[Start of section]

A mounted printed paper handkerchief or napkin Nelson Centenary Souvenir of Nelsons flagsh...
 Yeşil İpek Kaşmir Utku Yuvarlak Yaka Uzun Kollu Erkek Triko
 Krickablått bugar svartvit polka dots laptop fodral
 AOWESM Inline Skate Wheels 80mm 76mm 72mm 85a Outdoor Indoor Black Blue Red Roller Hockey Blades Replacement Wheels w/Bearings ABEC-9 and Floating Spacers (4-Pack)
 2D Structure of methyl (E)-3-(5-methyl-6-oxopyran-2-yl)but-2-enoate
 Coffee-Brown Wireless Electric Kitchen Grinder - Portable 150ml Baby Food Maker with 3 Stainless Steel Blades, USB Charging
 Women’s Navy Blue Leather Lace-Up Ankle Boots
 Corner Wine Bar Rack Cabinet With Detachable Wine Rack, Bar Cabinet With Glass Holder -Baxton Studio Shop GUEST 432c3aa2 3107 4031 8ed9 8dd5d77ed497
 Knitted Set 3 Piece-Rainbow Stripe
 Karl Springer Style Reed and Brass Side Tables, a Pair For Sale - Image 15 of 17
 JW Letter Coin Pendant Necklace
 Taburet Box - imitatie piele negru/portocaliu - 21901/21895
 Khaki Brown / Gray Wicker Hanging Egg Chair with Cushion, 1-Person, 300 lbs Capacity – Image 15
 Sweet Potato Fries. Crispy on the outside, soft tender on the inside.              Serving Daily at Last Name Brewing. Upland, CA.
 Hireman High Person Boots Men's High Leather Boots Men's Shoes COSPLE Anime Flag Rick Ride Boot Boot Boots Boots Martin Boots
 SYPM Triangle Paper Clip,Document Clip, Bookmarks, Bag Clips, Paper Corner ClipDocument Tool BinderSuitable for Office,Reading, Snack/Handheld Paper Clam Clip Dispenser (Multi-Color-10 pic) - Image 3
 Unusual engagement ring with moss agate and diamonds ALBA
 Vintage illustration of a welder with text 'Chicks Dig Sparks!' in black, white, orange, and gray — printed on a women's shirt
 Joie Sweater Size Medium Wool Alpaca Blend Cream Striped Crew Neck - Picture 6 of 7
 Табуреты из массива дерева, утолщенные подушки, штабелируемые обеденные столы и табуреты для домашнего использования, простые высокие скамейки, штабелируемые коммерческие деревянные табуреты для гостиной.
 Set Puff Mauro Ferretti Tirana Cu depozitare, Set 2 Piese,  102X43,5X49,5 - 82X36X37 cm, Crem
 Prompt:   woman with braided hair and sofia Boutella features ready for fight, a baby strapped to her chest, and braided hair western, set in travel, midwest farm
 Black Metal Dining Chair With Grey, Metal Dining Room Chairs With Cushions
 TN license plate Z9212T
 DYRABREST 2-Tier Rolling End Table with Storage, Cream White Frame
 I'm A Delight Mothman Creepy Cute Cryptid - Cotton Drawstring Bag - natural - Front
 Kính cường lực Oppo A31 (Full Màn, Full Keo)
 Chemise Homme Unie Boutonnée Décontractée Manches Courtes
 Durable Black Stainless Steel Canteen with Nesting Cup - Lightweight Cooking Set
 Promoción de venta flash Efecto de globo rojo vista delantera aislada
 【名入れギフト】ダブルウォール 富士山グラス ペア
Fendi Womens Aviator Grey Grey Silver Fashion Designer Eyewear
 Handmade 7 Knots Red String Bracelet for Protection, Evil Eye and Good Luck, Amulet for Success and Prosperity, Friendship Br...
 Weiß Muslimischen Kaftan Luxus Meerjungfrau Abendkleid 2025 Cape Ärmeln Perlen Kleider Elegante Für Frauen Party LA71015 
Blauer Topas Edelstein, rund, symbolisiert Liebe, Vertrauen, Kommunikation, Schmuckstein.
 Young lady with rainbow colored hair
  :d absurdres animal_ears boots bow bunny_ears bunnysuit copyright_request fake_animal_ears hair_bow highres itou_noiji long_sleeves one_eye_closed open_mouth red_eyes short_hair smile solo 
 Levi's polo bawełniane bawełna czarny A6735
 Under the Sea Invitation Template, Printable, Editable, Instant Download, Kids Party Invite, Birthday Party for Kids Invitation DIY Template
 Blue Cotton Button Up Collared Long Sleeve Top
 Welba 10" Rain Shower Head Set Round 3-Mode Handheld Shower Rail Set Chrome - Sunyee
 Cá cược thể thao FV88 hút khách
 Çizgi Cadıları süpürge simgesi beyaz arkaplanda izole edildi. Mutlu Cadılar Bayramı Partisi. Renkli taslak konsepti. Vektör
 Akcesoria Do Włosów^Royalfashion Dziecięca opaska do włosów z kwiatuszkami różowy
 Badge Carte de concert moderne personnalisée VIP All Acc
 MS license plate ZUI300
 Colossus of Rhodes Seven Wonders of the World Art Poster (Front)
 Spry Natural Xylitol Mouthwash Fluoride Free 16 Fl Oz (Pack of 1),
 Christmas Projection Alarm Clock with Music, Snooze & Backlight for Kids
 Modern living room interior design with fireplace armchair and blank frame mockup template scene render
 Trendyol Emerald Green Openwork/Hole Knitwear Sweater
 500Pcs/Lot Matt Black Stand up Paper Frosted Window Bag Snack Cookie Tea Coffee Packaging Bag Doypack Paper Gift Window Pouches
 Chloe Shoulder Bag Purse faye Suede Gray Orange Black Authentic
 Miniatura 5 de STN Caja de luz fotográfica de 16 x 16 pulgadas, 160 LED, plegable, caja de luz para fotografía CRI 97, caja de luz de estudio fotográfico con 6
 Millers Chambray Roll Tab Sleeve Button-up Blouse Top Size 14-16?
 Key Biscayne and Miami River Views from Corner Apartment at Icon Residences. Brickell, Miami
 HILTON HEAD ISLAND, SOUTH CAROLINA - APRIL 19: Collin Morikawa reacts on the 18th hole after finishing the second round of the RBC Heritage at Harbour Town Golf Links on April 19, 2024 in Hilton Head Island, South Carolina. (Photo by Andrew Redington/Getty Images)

[End of section]

Work task:
Once you have counted the lines above that contain "Sweater", give that number alone.

Your solution:
2